Monday, July 27, 2015

Investigator of the week: Norma, who walked an hour and a half to church yesterday despite being an active Catholic.  She is super funny and very religious (can you say religiously religious, or is that sacrilegious?  Haha).
Lots of very Puerto Rican love (hug hug kiss kiss BIG HUG little kiss),
Hermana Kirkland

Monday, July 20, 2015

I send this to a lot of my friends on missions, and most of you are going to be getting back in the next few months.  Let me know when so that I can take you off the list.

Some week I write down beforehand what I'm going to write everyone so I can remember it all.  This week was not one of those weeks.  We had a fun service with the ward where we packed and handed out loads of donated backpacks.  After we packed the backpacks we made it into a game to see how much of the food they gave us we could fit into our bags.  Free food is not to be taken lightly.  Just another way that the mission is preparing me for college (or college prepared me for the mission??).

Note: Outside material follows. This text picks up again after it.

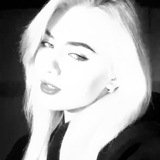 Telegram profile photo for мои вайбы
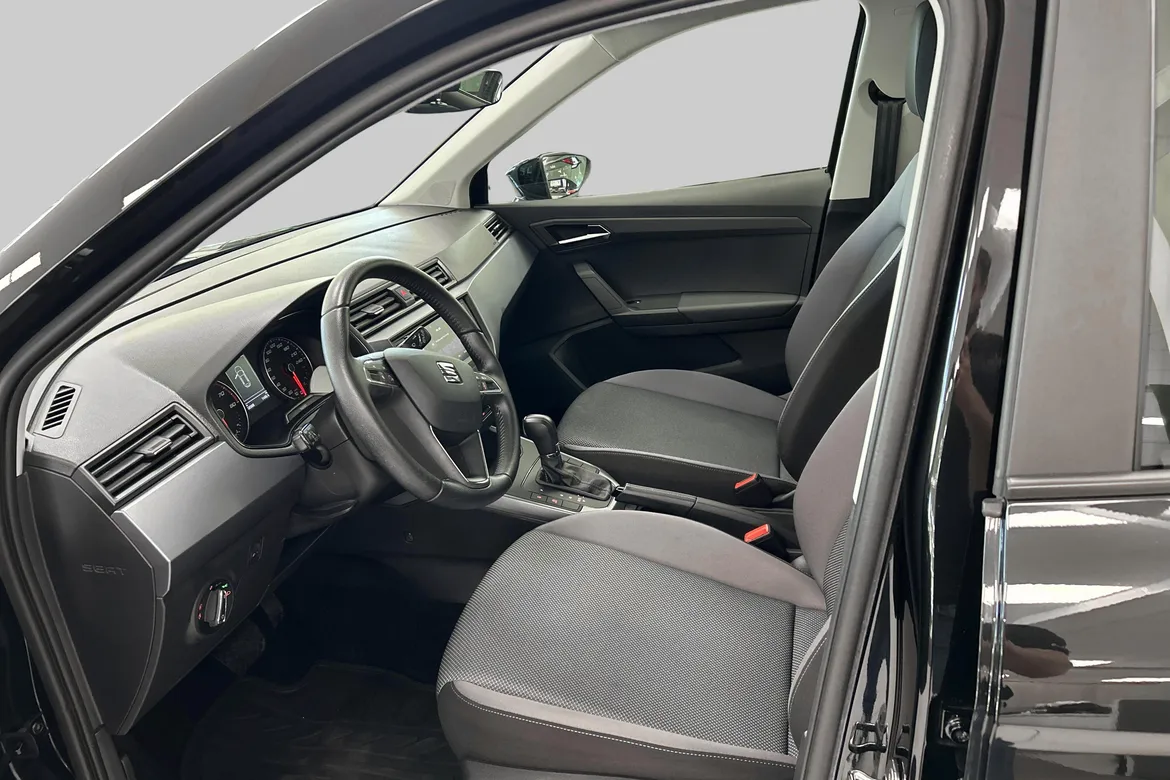 picture of a car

Another cool member is Pamela.  She was baptised in England in 1958 against her husband's will and then moved to Puerto Rico.  She was the first member here in Caguas and didn't have any contact with the church for years.  Her husband ripped her baptismal certificate up when he found it but she still has the pieces.  Though he was never baptized, he gradually became more supportive and she has been faithful up to today.  And she speaks English with a sweet British accent.

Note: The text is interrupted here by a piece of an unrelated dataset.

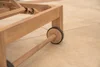 huc26179-cora-sunlounger-wheel-detail-lifestyle.jpg.jpg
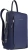 Рюкзак женский Piquadro Lyra CA4576W92T/BLU темно-синий нейлон/натур.кожа - купить недорого с доставкой в интернет-магазине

Well, off to work!  In about two hours.  Two very precious hours.
Hermana Kirkland

Monday, July 13, 2015

Survivng the Puerto Rico San Juan Mission Rule #7 - always know where your agenda is.  If you have your agenda, everyone will think that you are a responsible missionary and will be happy to loan you various other things, including a hymnal, a Book of Mormon, any of the pamphlets, a Bible, a triple, a pen, a pencil, a toothbrush, clothing, food, water, hair supplies, soap, toilet paper (but not a towel).  I lost my agenda for one night this week and didn't feel like a real missionary.  It's almost as bad as losing your nametag.

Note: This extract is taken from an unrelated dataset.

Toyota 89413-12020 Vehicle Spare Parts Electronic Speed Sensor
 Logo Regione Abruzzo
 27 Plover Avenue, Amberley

I am in Isaiah in my Bible reading and am really enjoying the last days prophecies (plus in 3 Nephi 23 Christ literally tells us that studying Isaiah is a commandment).  One of my new favorite scriptures is Isaiah 41:10, which says, "Fear thou not; for am with thee: be not dismayed;foam thy God: will strengthen thee; yea, will help thee; yea, will uphold thee witthe right hand of myrighteousness.
Isaiah is sweet.

Contact of the week:
"Hi! Can we share a card with you!"
"Only if I can share something with you."
"...uh, what?"
"...a rosary."
*leaves.  We hastily pull out a Book of Mormon and a Restoration pamphlet.*
"Here you go!  It's made in Jerusalem.  Out of olive wood."
"Thank you!  Here's a Book of Mormon, an ancient record of scripture about the ancestors of the American continent [I don't know how to say these things in English anymore]."
"I respect all religious beliefs... but do you really believe that!"
"Of course!"
In the name of Jesus Christ.  Amen.

Hermana Kirkland

Monday, July 6, 2015

In the mission, you'll find yourself moving around quite a bit (some more than others) and for that we have a very important rule: Travel Light.  Baggage is not a fun thing to move around, whether in suitcases or relationships.  2 suitcases and a carryon is all you've got to take home, so there's really no point in having more stuff than that.  And as far as relationships go, I got really close to the members in San Sebastian, and it has been hard to leave them.
As far as whitewashing goes, though, Caguas is the ideal.  It is a super supportive ward of I don't know how many people.  Too many to count.  It's a good thing I'll probably die here because there's no other way I'll get to know everyone.  It's city (when I called the office the first day, the senior missionary said, "Oh Sister Kirkland, you're back in civilization!"  Shut up, don't remind me), so there's a lot to cover, but the members are always available to give rides.  And there are a lot of funny people here.  Morgan, who is a convert from Provo who served a mission and met her Puerto Rican husband on LDS Singles; Nancy and her daughters Tatiana and Damara, who are all very spunky; and Aida, who insists that we call her "abuela" but also insists she's 15 (sometimes 13).  Our ward mission leader has set a goal of 30 baptisms for the year, which is a bit lofty but something to work towards.  All in all, we're ready to work!
We have 4 sisters and 2 elders here, and everyone mistakes me for Hermana Gassaway.  The members actually feed us (to the point where they call us and ask if we've eaten, and if not they buy us food).  People trip over themselves to give us references and accompany us.  It's a good thing Hermana Paniagua knows how to work with member because I am out of my league here.  Whatever happened to the hard side of missionary work?  What happened to contacting?